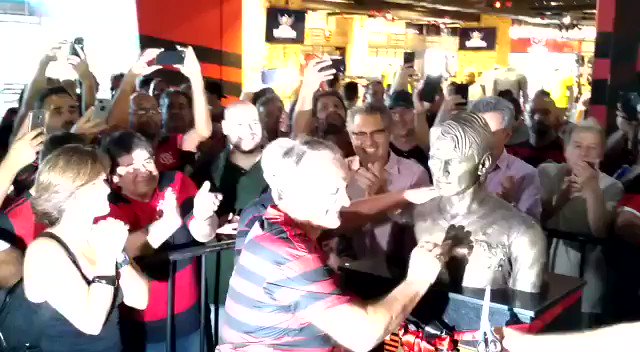 A justa homenagem ao maior lateral-direito da história! Hoje, na Gávea, rolou a inauguração do busto do ídolo Leandro. Uma carreira de grandes momentos e amor incondicional pelo Flamengo! Obrigado por tudo, craque! #CRF
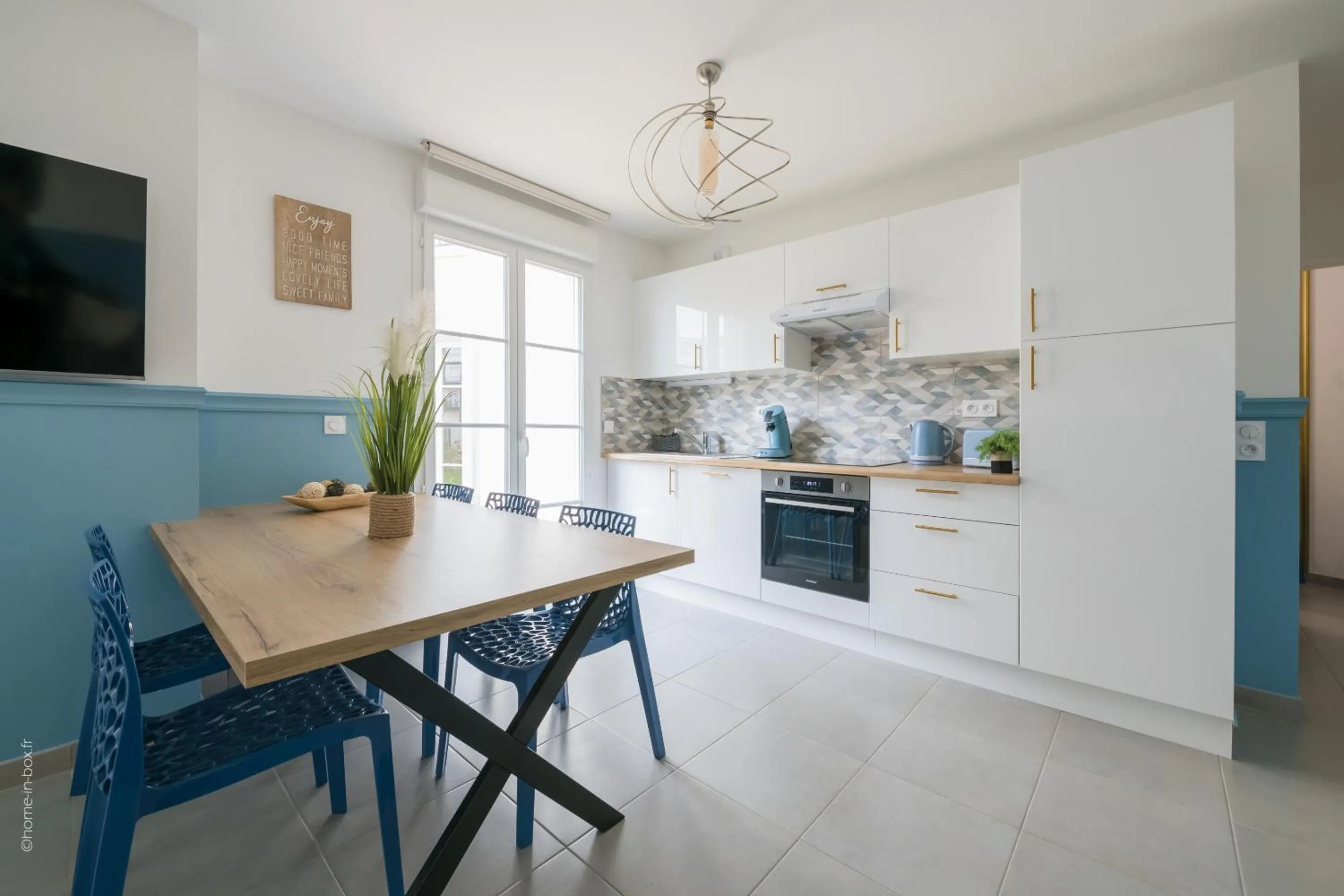 Kitchen or kitchenette in Columbus Garden By Plaza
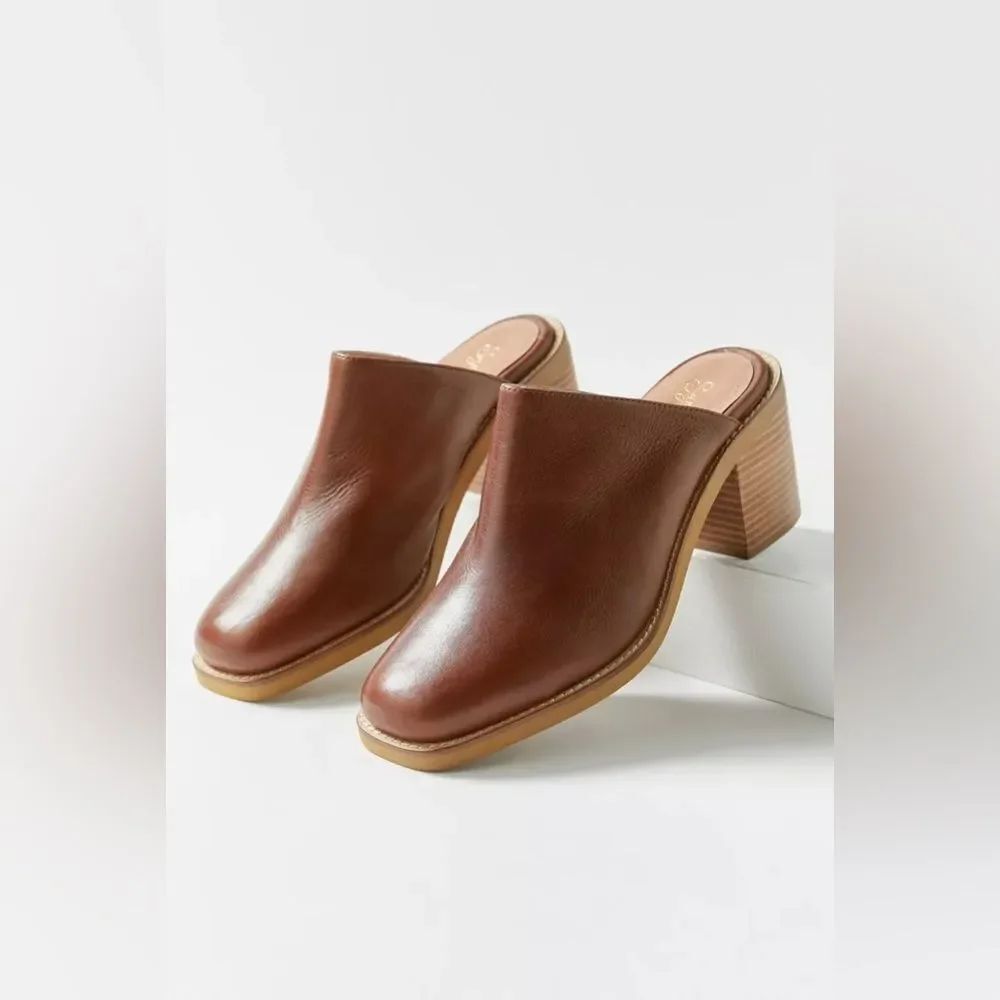 NWOT Anthropologie Seychelles Spur Of The Moment Brown Mules
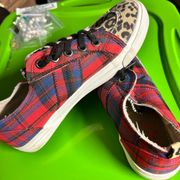 Jelly pop women’s 9 plaid leopard sneakers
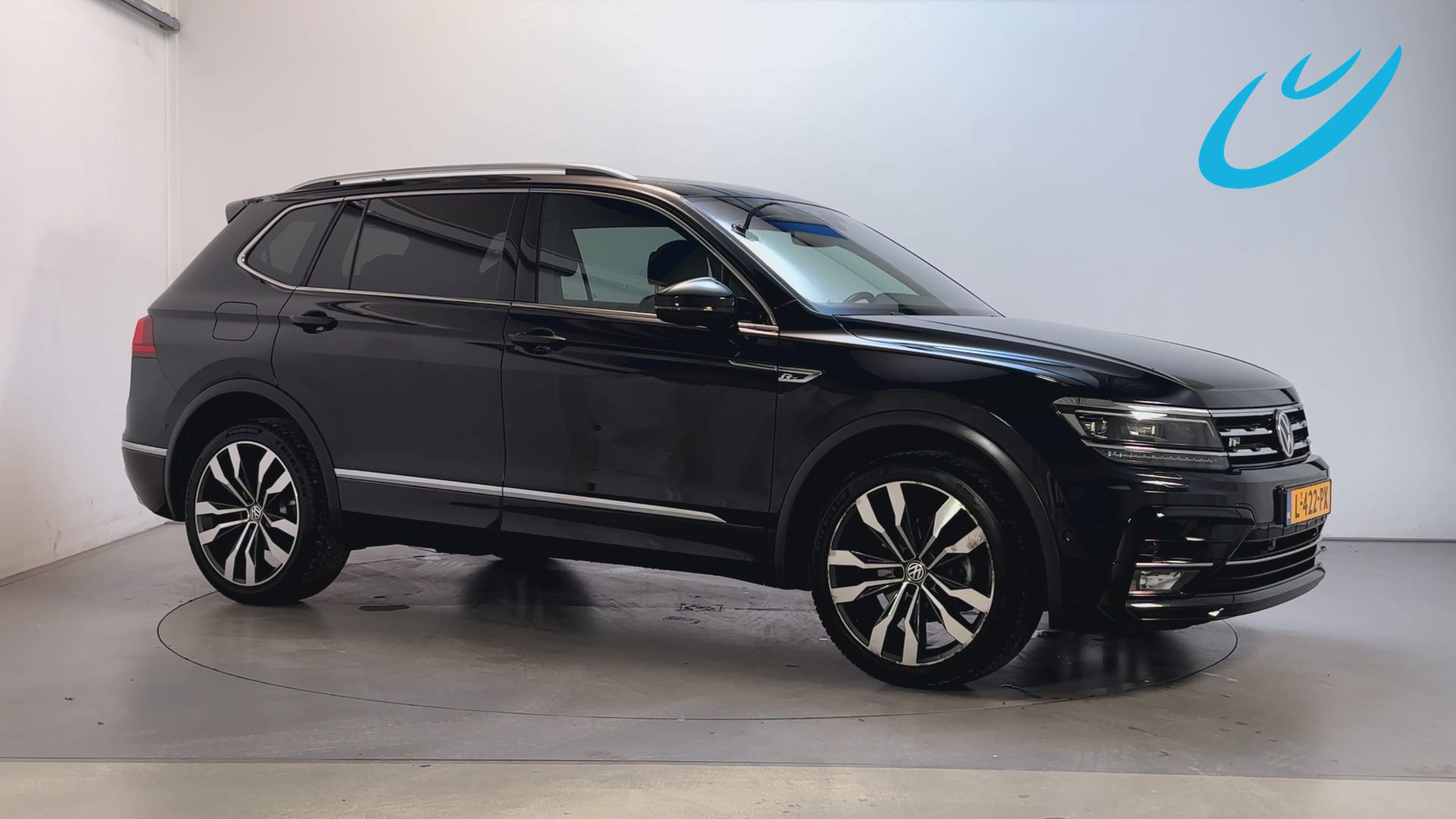 Volkswagen Tiguan 1.5 TSI 150pk DSG Highline Business R-Line 7p. Stoelverwarming Navigatie Camera Trekhaak 2021 - voorkant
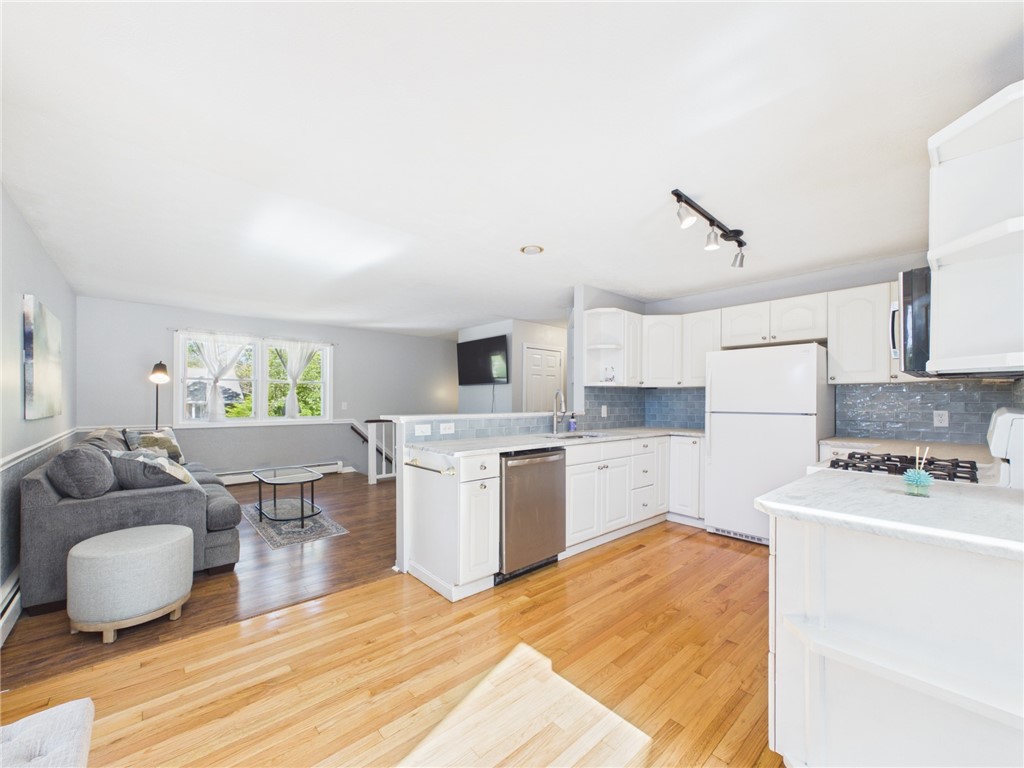 119 Hemlock Road South Kingstown, RI 02879 - Photo 8 of 46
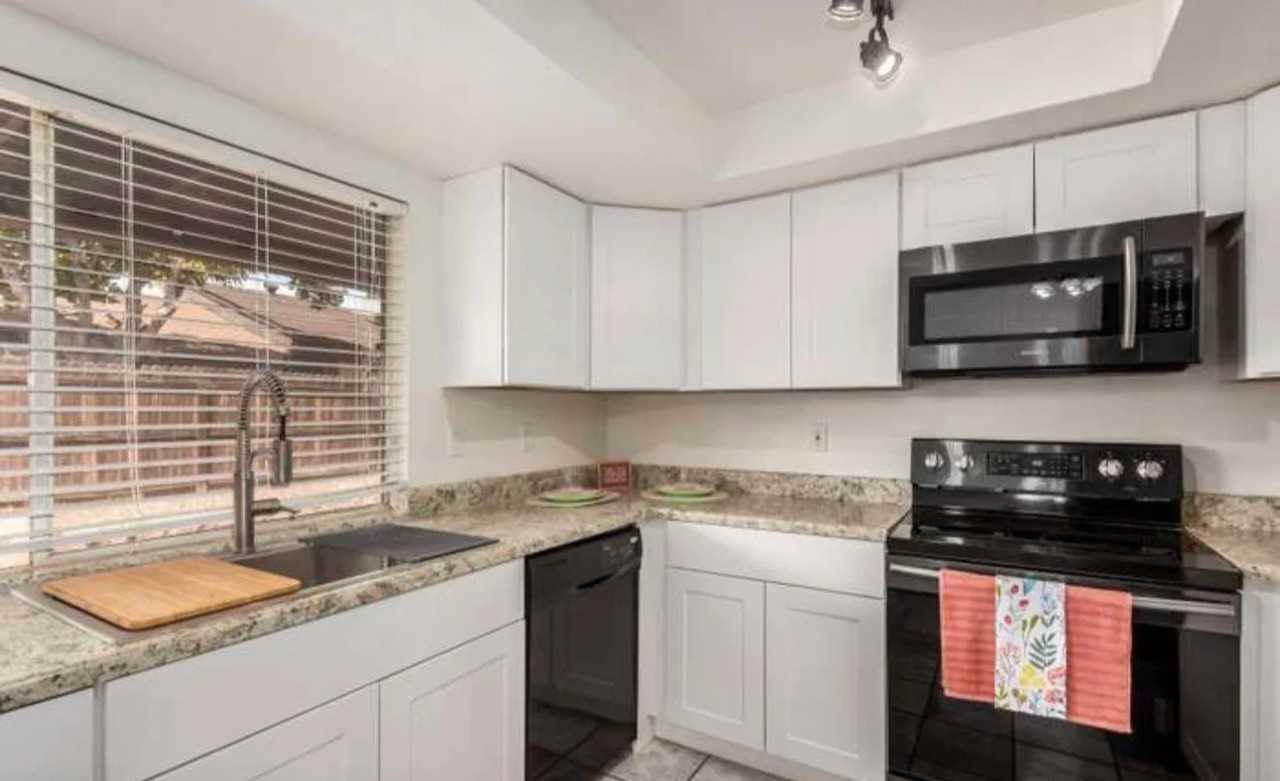 5112 W Carol Ave - Photo 3 of 10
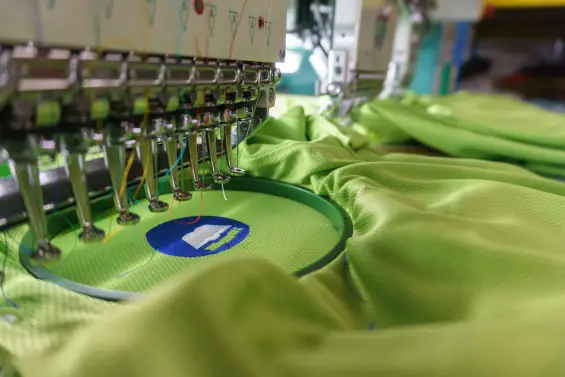 How Custom Apparel Embroidery Builds a Professional Brand Identity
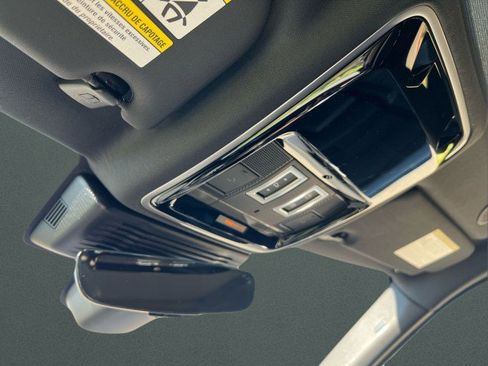 New 2026 Land Rover Range Rover Velar S image 30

• • • • • • •

● **WORK INSTRUCTION**
The entries above are to be restated verbatim, with no pictures carried over.

● **YOUR RESPONSE**
 A justa homenagem ao maior lateral-direito da história! Hoje, na Gávea, rolou a inauguração do busto do ídolo Leandro. Uma carreira de grandes momentos e amor incondicional pelo Flamengo! Obrigado por tudo, craque! #CRF
 Kitchen or kitchenette in Columbus Garden By Plaza
 NWOT Anthropologie Seychelles Spur Of The Moment Brown Mules
 Jelly pop women’s 9 plaid leopard sneakers
 Volkswagen Tiguan 1.5 TSI 150pk DSG Highline Business R-Line 7p. Stoelverwarming Navigatie Camera Trekhaak 2021 - voorkant
 119 Hemlock Road South Kingstown, RI 02879 - Photo 8 of 46
 5112 W Carol Ave - Photo 3 of 10
 How Custom Apparel Embroidery Builds a Professional Brand Identity
 New 2026 Land Rover Range Rover Velar S image 30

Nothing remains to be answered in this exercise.